Teching up or dumbing down?

[posted by Gavin Robinson, 7:57 pm, 14 October 2007]

There’s an interesting article about Real Time Strategy games over at God Is In The TV (mainly a music zine, but they cover all kinds of culture). This piece is much better than some of the drivel written about gaming by professional journalists. It suggests that the conventions of the RTS genre are changing, with resource management increasingly going out of fashion.

It’s a couple of years since I was heavily involved in RTS gaming, but my experiences tend to agree. I noticed this trend when I made the switch from Star Wars Galactic Battlegrounds (which might better have been called Age of Star Wars - it was basically Age of Kings with a Star Wars skin on it!) to Warhammer 40,000: Dawn of War. In SWGB there were 4 resources, and managing their extraction and use was a major part of the game. The first 10 minutes or so of game time (less in real time as it was commonly played at double speed!) were mostly spent gathering resources, building, and making more workers. Nobody who knew what they were doing would advance to tech level 2 before they had at least 20 workers. If the game wasn’t ended by a rush in level 2 or 3 it turned into an attritional grind. At maximum population in tech level 4 it was best to have about 60% workers and 40% military units. DoW was a very different kind of game. There were only 2 resources and the main one accumulated by taking and holding strategic points rather than extracting it with workers. Even with their special abilities it was rarely worth having more than 10% of your population slots filled by workers. However, tactics needed to be more sophisticated than in SWGB and units had to be micromanaged a lot to get the best out of them.

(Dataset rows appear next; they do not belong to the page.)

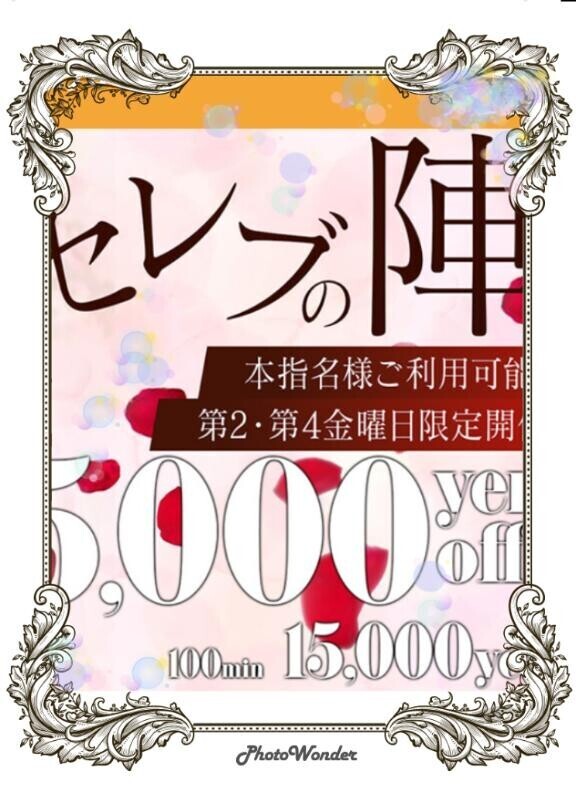 出勤しました❤️イベント❤️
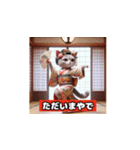 舞妓にゃん（個別スタンプ：6）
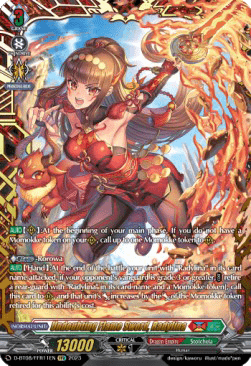 Undoubting Flame Sword, Radylina [D Format] (V.2 - Feature Rare)
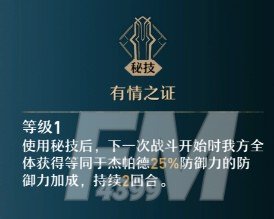 崩坏星穹铁道杰帕德技能分析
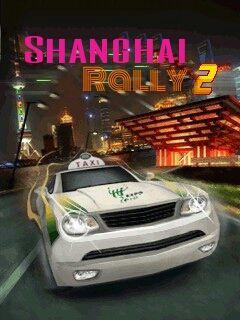 Shanghai rally 2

I don’t know whether these changing fashions are driven by the game developers or by demand from gamers, or whether it’s a bit of both. It’s hard to say whether these changes are making RTS games more or less realistic. As I’ve said before, strategy games always reflect arbitrary decisions made by their designers more than they reflect real life. But it’s maybe more important to note that changes in gameplay might be related to changing perceptions of war. The old style games which encouraged resource management tend towards a John Childs view of war: that war is attritional and usually ends with the exhaustion of one or both sides. The newer style with less resource management tends towards a Malcolm Wanklyn view which makes tactical contingency and innovation more important than a determinist emphasis on resources. (Maybe there are better examples but I’ve picked two early modern historians whose work I’m familiar with.)

I’m not sure how significant this all is. As far as I know RTS isn’t a very large genre. If the tastes of RTS players are changing that doesn’t necessarily say anything about changes in popular attitudes to war. As a final thought it’s interesting to note that the reduction of resource management in RTS gaming is going on at the same time as increasing anxiety in real life about global warming and peak oil. Things would always get tricky in SWGB when the nova crystals ran out late in the game, and I remember one game where carbon became ultra-rare because we’d used up every tree and rock on the map! Is the new style a way of escaping from these issues rather than confronting them?

The Forces of Chaos

[posted by Gavin Robinson, 3:33 pm, 24 May 2007]

Now that I’ve got a lot of other things out of the way I can get back to posting more regularly, and there’s a lot to catch up on (although I’m still slightly confused - this post was going to be about something completely different but wandered off in a slightly bizarre direction and isn’t very coherent!). Via Break Of Day In The Trenches there’s an update on Niall Ferguson and Muzzy Lane at Wired. Ferguson’s misplaced enthusiasm for the game Making History: The Calm and the Storm got a lot of attention in the history blogosphere last year (for example see Airminded, and my posts here, here, and here). There was some suspicion at the time that Ferguson was probably being paid by Muzzy Lane to big-up what is a pretty mediocre game, and now Wired reveals that he’s teaming up with them to design an ultra-modern counter-factual game.

It’s good that the Wired article focuses on chaos and complexity, but I think it’s a bit too optimistic. As far as I could see from the demo, Making History didn’t capture the chaos and complexity of war - it was simplistic and predictable. It’s true that strategy games can get people used to dealing with chaos, but Making History isn’t a very good example. If this is the main educational value of a strategy game, then that game doesn’t need to be historically accurate, and doesn’t even need a historical setting. There are plenty of commercial Real Time Strategy games available which are not based on historical research and which don’t claim to be counter-factual tools for historians. In my experience, this kind of game can be so complex and chaotic that even its designers don’t fully understand it.